With large output capacitance, the LMZ10501 will likely enter hiccup mode (see page 13 and fig 3 of the datasheet) as it is starting up.
However, even if it is in hiccup mode, the regulator will still pump current into the output cap (with hiccup pauses). The pauses will disappear once the output voltage exceeds 0.375V. If there is no load attached during the cap charging, the part will eventually get out of hiccup mode and start up. Here is a plot to illustrate this behavior with excessive output capacitance:
You see that initially the part is in hiccup more (see the VCON voltage charging up and discharging). Current is still supplied to the output in small portions during that time. Since there is no load attached, the output cap charges up and reaches above 0.375V. Then normal operation resumes. The 0.375V is the internal threshold on FB which tells the regulator that there is a short circuit event on the output. If the output voltage is below that threshold the regulator works in hiccup mode.

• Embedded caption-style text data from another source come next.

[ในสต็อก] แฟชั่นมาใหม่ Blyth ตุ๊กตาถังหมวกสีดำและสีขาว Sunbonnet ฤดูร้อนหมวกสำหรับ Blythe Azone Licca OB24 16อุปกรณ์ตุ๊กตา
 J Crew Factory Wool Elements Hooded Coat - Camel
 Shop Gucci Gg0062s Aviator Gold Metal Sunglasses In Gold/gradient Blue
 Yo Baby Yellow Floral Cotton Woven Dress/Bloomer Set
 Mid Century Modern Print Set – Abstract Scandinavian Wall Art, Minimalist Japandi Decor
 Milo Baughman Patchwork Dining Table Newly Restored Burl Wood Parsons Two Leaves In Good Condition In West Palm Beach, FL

I happen to have some supercaps and LMZ10501 board. If you want to share your conditions, I will be happy to try this out in the lab and let you know.

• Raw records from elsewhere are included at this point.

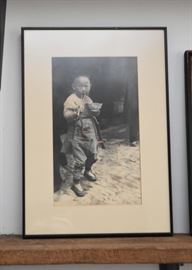 Chinese Print, Framed - Child Eating (Approx. 10.75" L x 15" H including frame)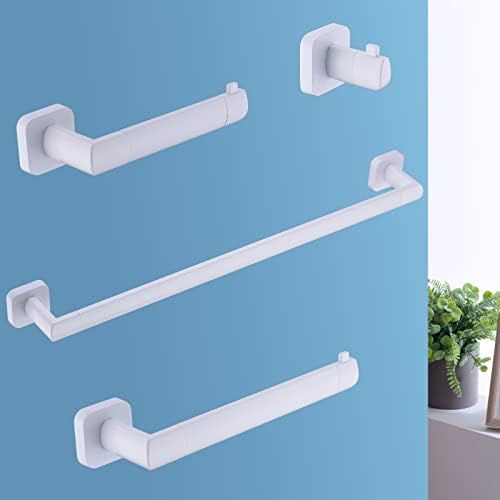 High-Quality White Bathroom Towel Bar Set with Stainless Steel 4-Piece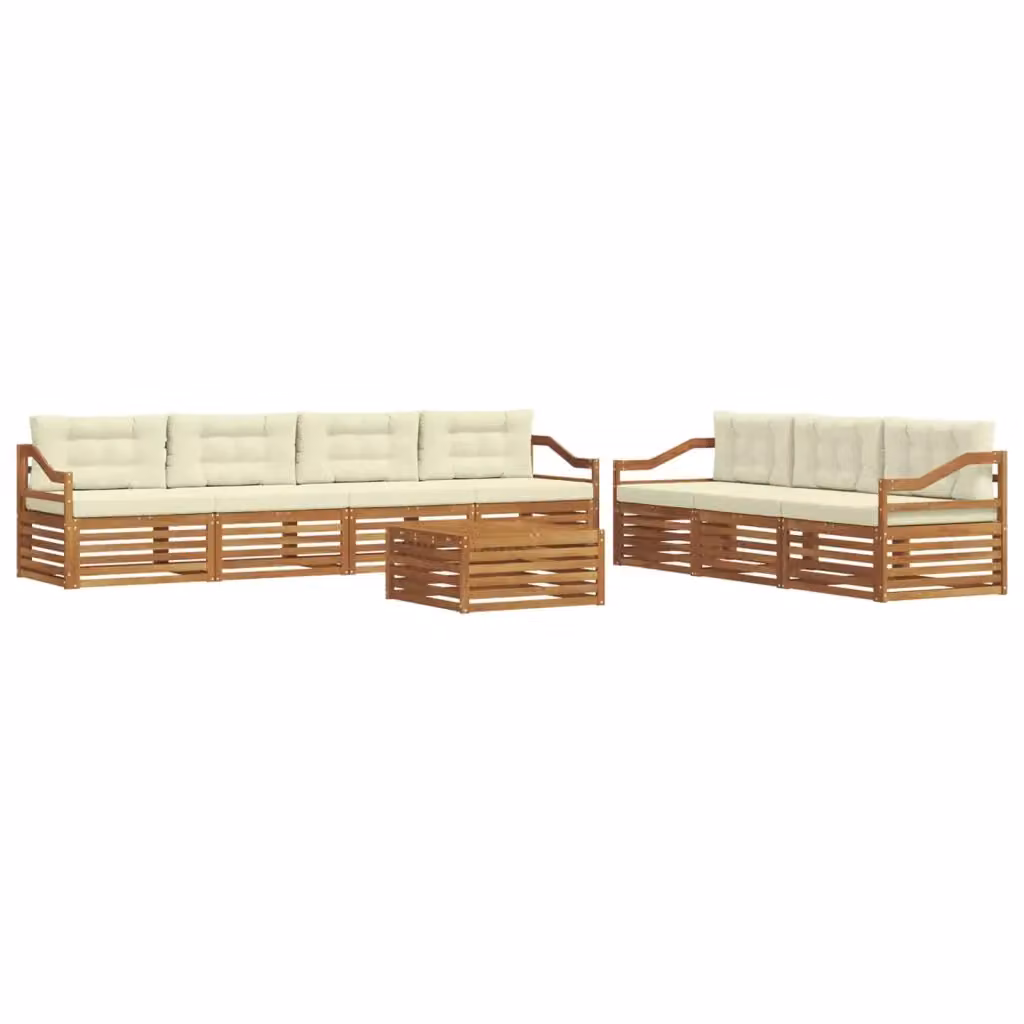 Set di divani da esterno a forma di U con tavolo da caffè vidaXL, 8 pezzi, in legno di acacia e tessuto beige e bianco – 2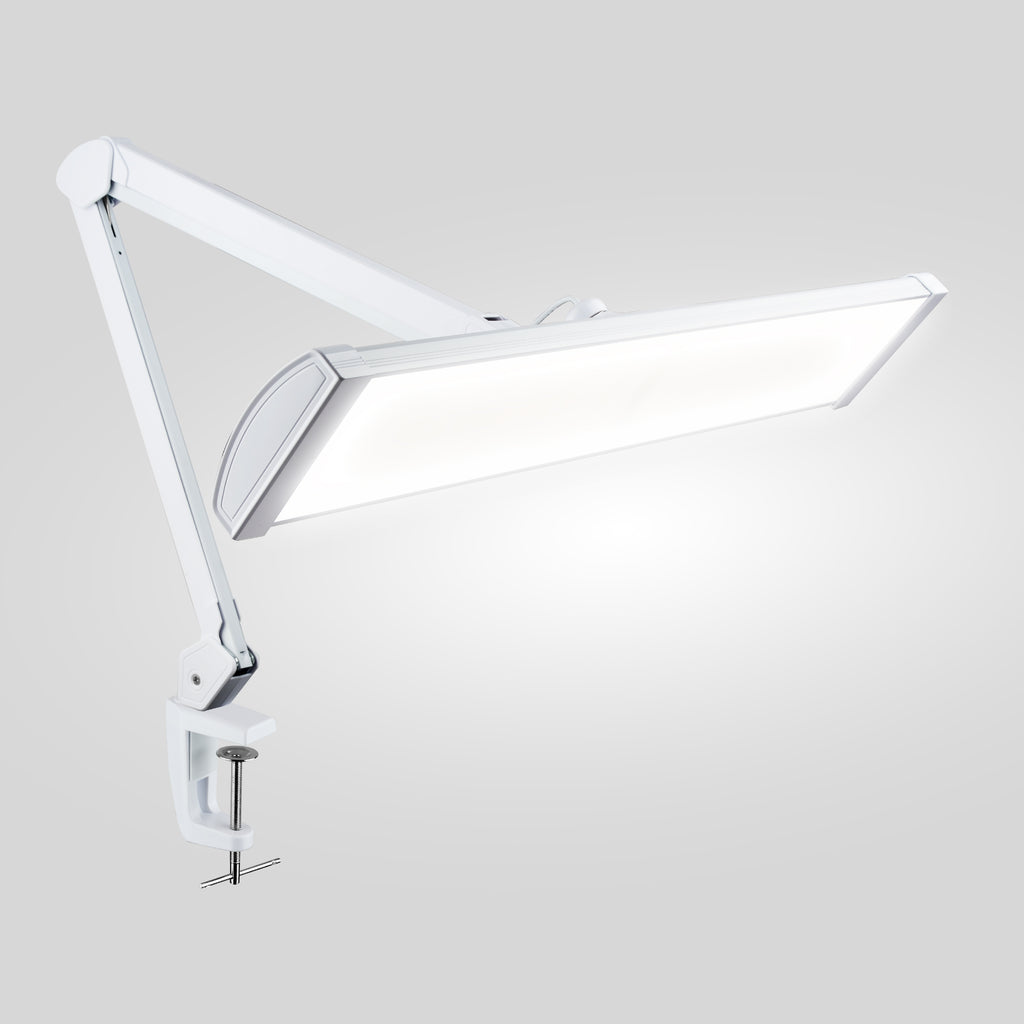 3500 Lumens LED Desk Lamp – 26” Ultra-Wide Shade, Non-Flickering Task Light with Clamp, White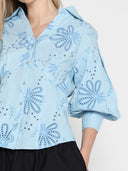 Collared Puff Sleeve Patterned Shirt TOP Gracia Fashion 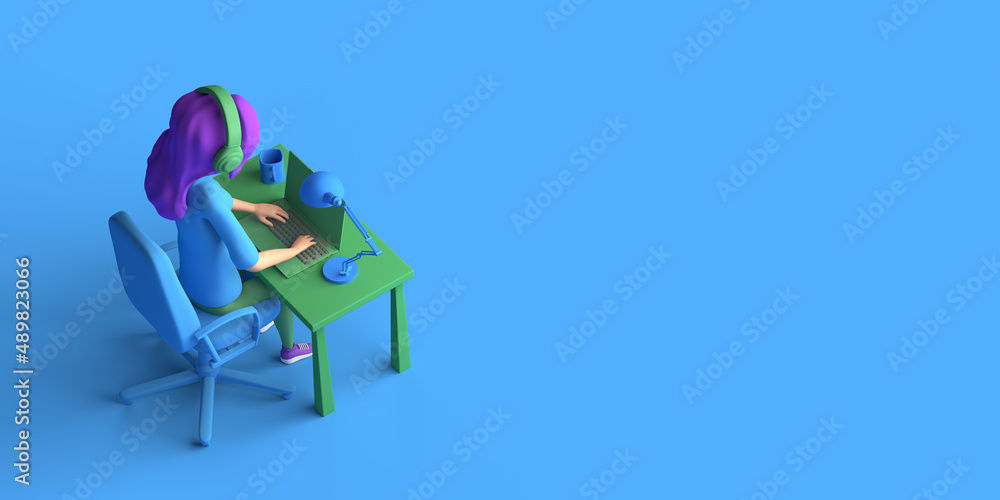 Woman working with laptop computer. Freelance. Teleworking. Copy space. 3D illustration. Cartoon. Woman working with laptop computer. Freelance. Teleworking. Copy space. 3D illustration. Cartoon.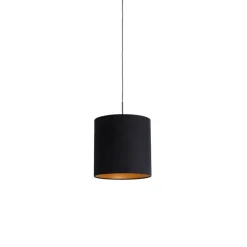Hanglamp met velours kap zwart met goud 40 cm - Combi
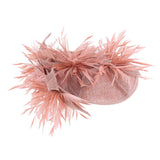 Sinamay Fascinator Pillbox Top Hat Cocktail Tea Party Feather Headwear Pink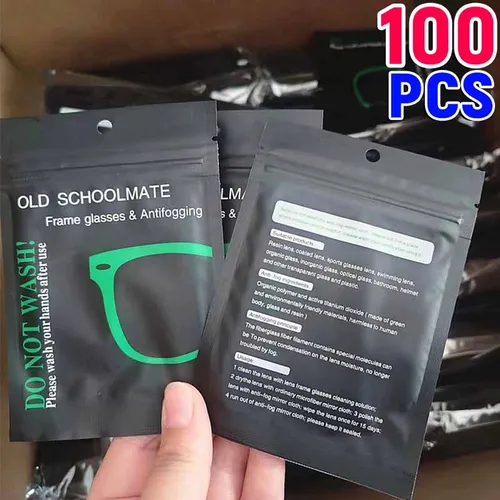 Imagen 1 del producto Toallitas antiniebla reutilizables para gafas, paño para lentes antiniebla prehumedecidas, desempañador, toallita para gafas, evita el empañamiento para gafas de natación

What is the supercap value?
You mentioned 2 capacitors. Are they in parallel?
What input voltage are you using?
Do you have a time requirement on how fast the super capacitor must be charged?

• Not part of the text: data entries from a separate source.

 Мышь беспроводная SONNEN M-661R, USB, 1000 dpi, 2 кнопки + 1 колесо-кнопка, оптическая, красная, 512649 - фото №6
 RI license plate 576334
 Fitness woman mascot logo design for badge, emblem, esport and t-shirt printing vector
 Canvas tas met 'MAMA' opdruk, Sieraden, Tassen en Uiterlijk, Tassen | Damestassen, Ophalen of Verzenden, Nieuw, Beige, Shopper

Thanks Denislav for the quick reply,
Frankly, i used to charge the spercaps. But as the datasheet says about the hiccup, I was wondering if this could damage the lmz10501. I notice that when the supercaps is fully loaded, they begin to discharge while they still are connected to the lmz10501(no load connected). I was thinking that maybe is necessary to disconnect the lmz10501 from the supercaps to avoid the issue (EN pin low).
DenislavWhat is the supercap value?
I have two supercaps of 50F (taiyo supercaps)
DenislavAre they in parallel?
Yes, they are in parallel to rich 100F.
DenislavWhat input voltage are you using?
Alkaline batteries of 4.2V.
DenislavDo you have a time requirement on how fast the super capacitor must be charged?
I used the equation from page 15 of datasheet to get the values of Rb and Rt for a fixed Vout. But when i used to recalculate the values to the fixed version of 2.5V or 3.3V, the values that I get to Rb are not the same by choosing the value of Rt as it says in the schematics.
RB = ( VOUT / (5.875V – VOUT) ) x RT
Choose RT to be between 80kΩ and 300kΩ.
2) Shutting down the lmz10501 will prevent the discharge of the supercaps?
Here are my comments.
1. The resistor values you see are close standard values. It is possible to find a slightly better combination depending on which resistor you pick for the top and what resistor tolerance you choose to have.
2. On the capacitor discharge question, is the source (battery) still connected to the input of the LMZ when you see the discharging? I am thinking that it is better to have the LMZ always connected so that the voltage on the supercap stays up and regulated.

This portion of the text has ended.